I'm experiencing the same. The code is

cd /media/pato/KINGSTON/temp; \ docker run -v $(pwd):/media/pato/KINGSTON/temp -w /media/pato/KINGSTON/temp shapeit5_2023-05-05_d6ce1e2 phase_common_static \ --input jose_merged_imputation_AC.vcf.gz \ --map chr22.b37.gmap.gz \ --region 22 \ --output phased_chr22.vcf.gz \ --log phased_chr22.log

At the end of the terminal output: ############## (many rows)

Finalization:

ERROR: Filename extension of [phased_chr22.vcf.gz] not recognized

##############

I'd tried unsuccessfully using .vcf and no extension.
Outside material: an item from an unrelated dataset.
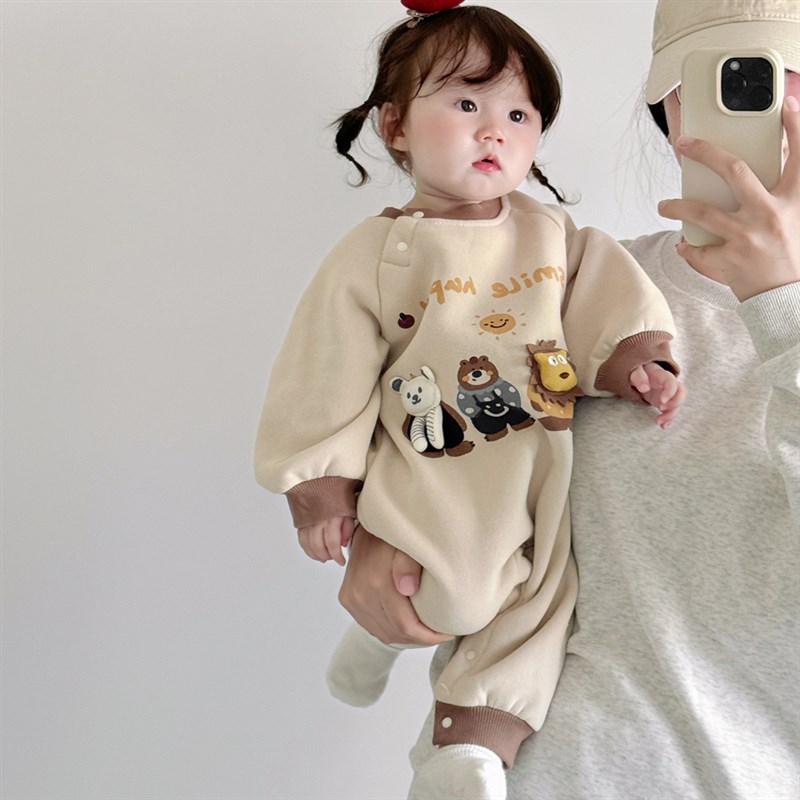 婴儿连体衣春季男女宝宝超萌长袖韩版新生儿薄款哈衣春秋外出爬服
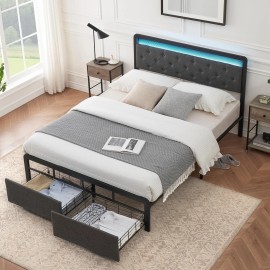 Queen Size Bed Frame LED Upholstered Headboard Platform Bed Frame with 2 Drawers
I would appreciate your help with this issue.

Thanks, Patricio

carsonhh commented 10 months ago

Same issue. The only extension it would accept for me is .bcf

JasonTan-code commented 9 months ago

Same issue here, using shapeit5 installed from conda

lintingyi2014 commented 8 months ago

Same issue, do we have a solution here?

CNuge commented 8 months ago

Only solution I have found is to output to bcf, and then if you require a different format do any necessary conversions afterwards.
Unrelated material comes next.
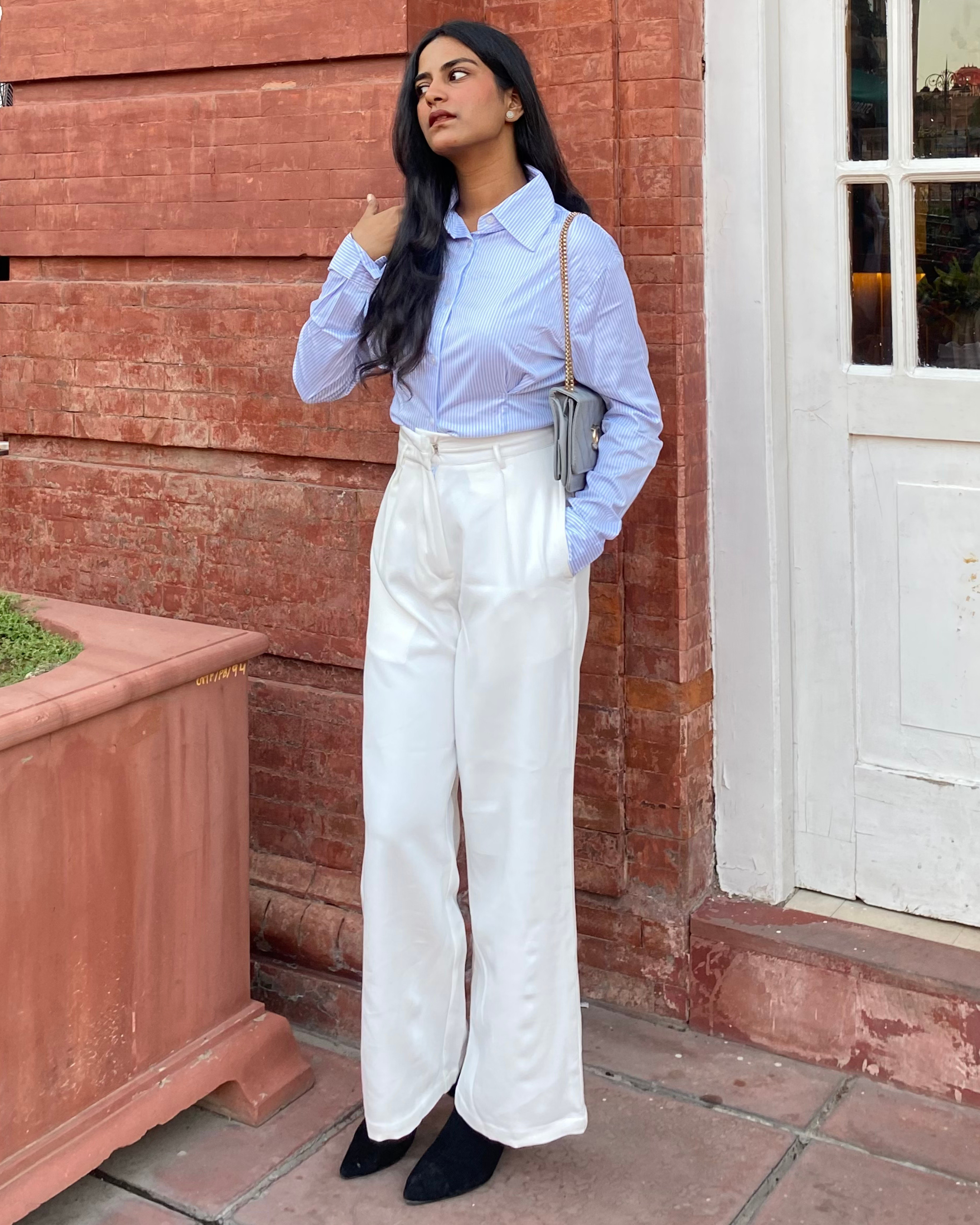 Soft Blue Striped Shirt for Women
bgulko commented 4 months ago

There is a clue in 5.1.1, if you set --output-format vcf.gz phase_common will provide the error message ERROR: Output format[vcf.gz] unsupported, use [graph, bcf or bh] instead This suggests, indeed, that the bcf workaround suggested by @CNuge may be the supported approach to getting compressed vcf files.